For a company utterly dependent on email, Zendesk came across to me as very naive about email sending.

I did a Zendesk integration shortly after working on a general overhaul of our email at a previous company. The overhaul involved separating out our different types (transactional, marketing, support, etc), and then implementing best practices on deliverability for each of them. Not your day-one email setup, but we were still a small company.

The comparison to Zendesk's approach was astounding. Assuming you don't want to use a Zendesk address (we didn't, customers thought it was dodgy), the email setup they let you do was bad, and their support folks had no idea about any of the details. DKIM, SPF, etc, was all alien to them. Ironically they had pretty bad support in general.

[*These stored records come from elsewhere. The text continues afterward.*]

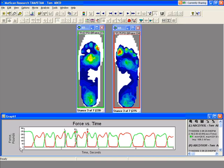Here you can see the first right foot strike, then the left, right, left — it goes back and forth. As the subject is walking, you can look at the total forces as they're walking.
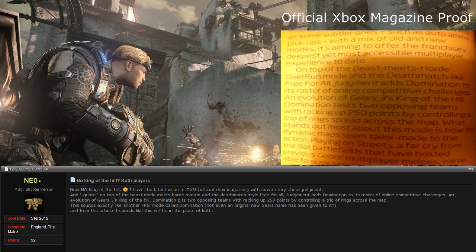Now, it's not confirmed that King of the Hill will be replaced by Domination, but honestly, I feel as if that is going to be the case, since the game types are both way too similar with the only difference of them being three rings to capture in Domination and only one King of the Hill.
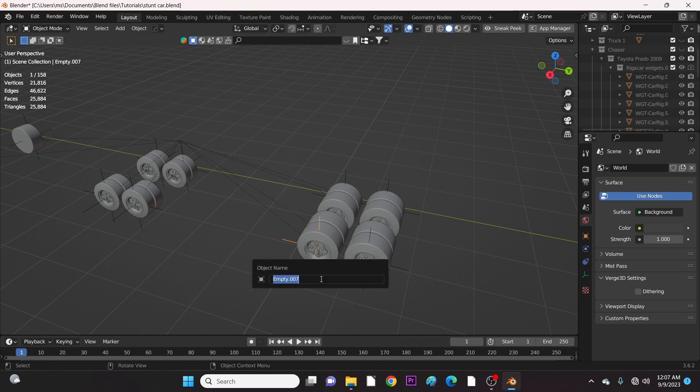Finally, we come to the tail part of the truck, which has four combined tires. We call it tail one.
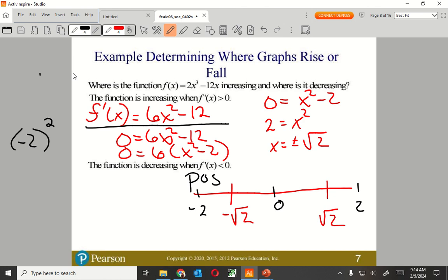Plugging in 0: 0 squared is 0, times 6 is 0, minus 12 is negative 12 — negative. So everything in between negative root 2 and positive root 2 is negative. Now plugging in positive 2: 2 squared is 4, times 6 is 24, minus 12 is positive 12 — positive. So everything beyond positive root 2 is also positive.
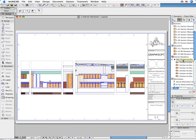ARCHICAD's new interior elevation tool will boost productivity and ensure total coordination, constant synchronization, and a tightly controlled environment.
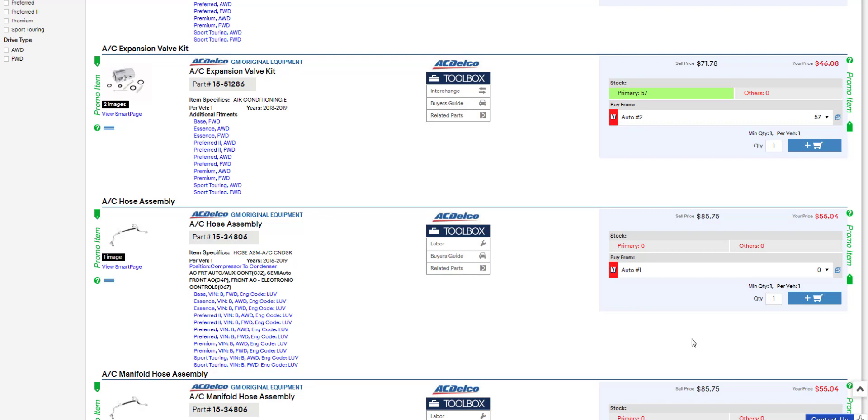With the lost sales button, warehouse distributors can stay in the know on which parts are moving and what they need to keep in stock.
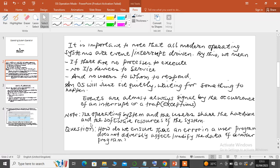The operating system and the users actually share both the hardware and software resources of the system. Since sharing occurs, a question arises: how do we ensure that an error in a user program does not adversely affect or modify the data of another program? This is especially relevant because several processes may be running simultaneously with interdependencies.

treis 2 hours ago | parent | next [-]

I worked at Zendesk on the email team. I think that's just support being support. The core engineers knew what they were doing.

otterley 2 hours ago | parent | next [-]

I transitioned Zendesk from their original Exim-based ingress/egress SMTP services to Postfix and set up all the DKIM and SPF stuff long before there was ever a mail team. I worked regularly with large email providers to ensure our egress CIDR blocks were clean.

I like to think I knew what I was doing. :-)

danpalmer 2 hours ago | parent | prev [-]

That's good to know you knew what you were doing! However the product also didn't appear to expose any of the control we needed to have a good email setup. Maybe this is because we weren't paying enough (mentioned in another reply), but we were also never directed to pay more despite asking for this sort of control.

rpcope1 4 hours ago | parent | prev [-]

> DKIM, SPF, etc, was all alien to them. Ironically they had pretty bad support in general.

So basically good old fashioned "quality" enterprise shitware.

danpalmer 3 hours ago | parent [-]

Not necessarily, our support team kinda loved it. I used the interfaces and it was pretty good software in many ways. They just didn't seem to be very capable when it came to medium complexity email setups. Many of their setup guides literally tell you to log into support address Gmail and set up a forwarding rule to send everything to Zendesk.

I suspect the issue is that we weren't paying enough. We had maybe 10 seats. I bet if you're buying 1000 seats a bunch of Zendesk engineers turn up and configure everything for you, but with the robust email setup needing that engineering time on their side to configure... so I guess in that way it may be Enterprise shitware.